Abstract

Amapasaurus is a monotypic genus of forest lizards never accessed molecularly and, based on morphological similarities, suggested to be closely related to species of the former Leposoma parietale group Ruibal 1952, currently in the genus Loxopholis Cope 1869. Two other species, formerly allocated in Arthrosaura (A. guianensis and A. hoogmoedi), were tentatively moved to Loxopholis in an extensive molecular revision of Gymnophthalmoidea. Here we add mitochondrial and nuclear sequence data (12S, cyt b, ND4, c-mos and NT3) of Amapasaurus to previously published and new data of all Ecpleopodini genera (except for Adercosaurus), in order to test: i) the close relationship between Amapasaurus and Loxopholis and ii) the position of Loxopholis guianensis and Loxopholis hoogmoedi with three different phylogenetic methods, expanding the knowledge on the current taxonomy of Ecpleopodini. Concatenated analyses of mitochondrial and nuclear data (2303 bp) under Bayesian Inference, Maximum Likelihood and Maximum Parsimony methods recovered a strongly supported sister relationship between Amapasaurus tetradactylus Cunha 1970 and species of Loxopholis. Genetic divergence between Amapasaurus and this assemblage of Loxopholis is high in both mitochondrial (~18% for cyt b) and nuclear (~12% for c-mos) regions, supporting its generic distinctiveness.

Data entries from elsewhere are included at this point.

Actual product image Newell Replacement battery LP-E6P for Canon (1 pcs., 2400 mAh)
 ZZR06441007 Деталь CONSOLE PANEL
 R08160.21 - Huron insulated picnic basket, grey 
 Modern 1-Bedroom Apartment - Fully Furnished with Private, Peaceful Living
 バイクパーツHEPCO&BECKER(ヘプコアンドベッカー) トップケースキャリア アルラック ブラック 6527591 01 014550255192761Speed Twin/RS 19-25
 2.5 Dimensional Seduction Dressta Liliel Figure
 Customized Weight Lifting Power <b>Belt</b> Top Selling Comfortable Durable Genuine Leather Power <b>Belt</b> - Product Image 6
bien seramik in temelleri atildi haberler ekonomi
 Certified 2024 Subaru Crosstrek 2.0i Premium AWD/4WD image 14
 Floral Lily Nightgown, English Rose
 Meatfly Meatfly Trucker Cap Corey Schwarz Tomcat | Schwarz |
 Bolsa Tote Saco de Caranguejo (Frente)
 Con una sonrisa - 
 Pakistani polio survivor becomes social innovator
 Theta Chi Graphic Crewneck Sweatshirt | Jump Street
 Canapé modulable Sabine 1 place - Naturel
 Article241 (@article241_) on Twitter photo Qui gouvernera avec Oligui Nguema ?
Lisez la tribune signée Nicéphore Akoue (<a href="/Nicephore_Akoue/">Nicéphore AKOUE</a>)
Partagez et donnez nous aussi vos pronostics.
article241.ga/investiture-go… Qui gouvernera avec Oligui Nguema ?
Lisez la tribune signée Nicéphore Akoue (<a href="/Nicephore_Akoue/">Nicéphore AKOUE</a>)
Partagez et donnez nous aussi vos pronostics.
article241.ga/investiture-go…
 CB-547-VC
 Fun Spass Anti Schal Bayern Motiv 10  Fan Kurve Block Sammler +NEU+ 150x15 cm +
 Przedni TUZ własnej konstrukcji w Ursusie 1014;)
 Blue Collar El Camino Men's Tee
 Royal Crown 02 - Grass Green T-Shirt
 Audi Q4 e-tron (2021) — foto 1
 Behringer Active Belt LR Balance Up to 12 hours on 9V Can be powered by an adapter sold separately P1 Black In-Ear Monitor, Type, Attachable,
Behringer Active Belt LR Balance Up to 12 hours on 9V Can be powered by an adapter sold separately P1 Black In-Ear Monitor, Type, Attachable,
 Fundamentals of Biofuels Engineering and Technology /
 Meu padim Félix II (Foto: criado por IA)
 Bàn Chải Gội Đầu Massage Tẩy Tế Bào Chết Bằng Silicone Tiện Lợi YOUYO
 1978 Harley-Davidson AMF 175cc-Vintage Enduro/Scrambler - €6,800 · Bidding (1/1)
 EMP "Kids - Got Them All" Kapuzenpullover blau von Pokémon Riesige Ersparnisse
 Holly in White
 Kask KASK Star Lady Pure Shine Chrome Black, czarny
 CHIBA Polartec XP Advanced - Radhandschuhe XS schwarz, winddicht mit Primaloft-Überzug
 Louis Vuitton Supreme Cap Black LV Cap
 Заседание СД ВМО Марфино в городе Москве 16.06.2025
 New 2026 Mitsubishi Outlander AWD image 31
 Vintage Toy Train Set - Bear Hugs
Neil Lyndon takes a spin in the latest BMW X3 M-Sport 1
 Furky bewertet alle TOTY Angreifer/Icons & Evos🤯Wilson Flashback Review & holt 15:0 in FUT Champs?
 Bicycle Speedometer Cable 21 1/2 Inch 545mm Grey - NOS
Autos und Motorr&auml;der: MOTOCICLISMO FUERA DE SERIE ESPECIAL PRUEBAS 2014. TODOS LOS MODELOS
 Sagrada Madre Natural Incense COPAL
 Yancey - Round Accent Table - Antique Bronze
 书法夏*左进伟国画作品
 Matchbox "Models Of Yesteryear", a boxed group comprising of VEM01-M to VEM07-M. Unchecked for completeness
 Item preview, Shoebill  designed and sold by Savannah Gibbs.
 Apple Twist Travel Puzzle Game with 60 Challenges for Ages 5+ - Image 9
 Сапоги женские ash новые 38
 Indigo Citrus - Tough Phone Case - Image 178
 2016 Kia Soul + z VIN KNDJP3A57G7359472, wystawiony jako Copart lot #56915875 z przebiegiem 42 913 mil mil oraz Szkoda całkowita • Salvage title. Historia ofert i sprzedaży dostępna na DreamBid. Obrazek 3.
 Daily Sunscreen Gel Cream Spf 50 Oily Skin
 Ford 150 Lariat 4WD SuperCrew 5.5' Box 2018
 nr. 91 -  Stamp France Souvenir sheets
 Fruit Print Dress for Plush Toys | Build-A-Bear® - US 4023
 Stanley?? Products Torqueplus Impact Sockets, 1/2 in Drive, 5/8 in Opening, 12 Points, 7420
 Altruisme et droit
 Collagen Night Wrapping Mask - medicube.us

Differing from the current taxonomy of the Ecpleopodini tribe, our analyses recovered Lo. guianensis and Lo. hoogmoedi as a distinct clade that is sister to all other Loxopholis plus Amapasaurus. Supplemented by external and hemipenial morphology data available from the literature along with DNA sequences, we restrict Loxopholis to the species of the former parietale group of Leposoma and describe a new genus to allocate Lo. guianensis and Lo. hoogmoedi.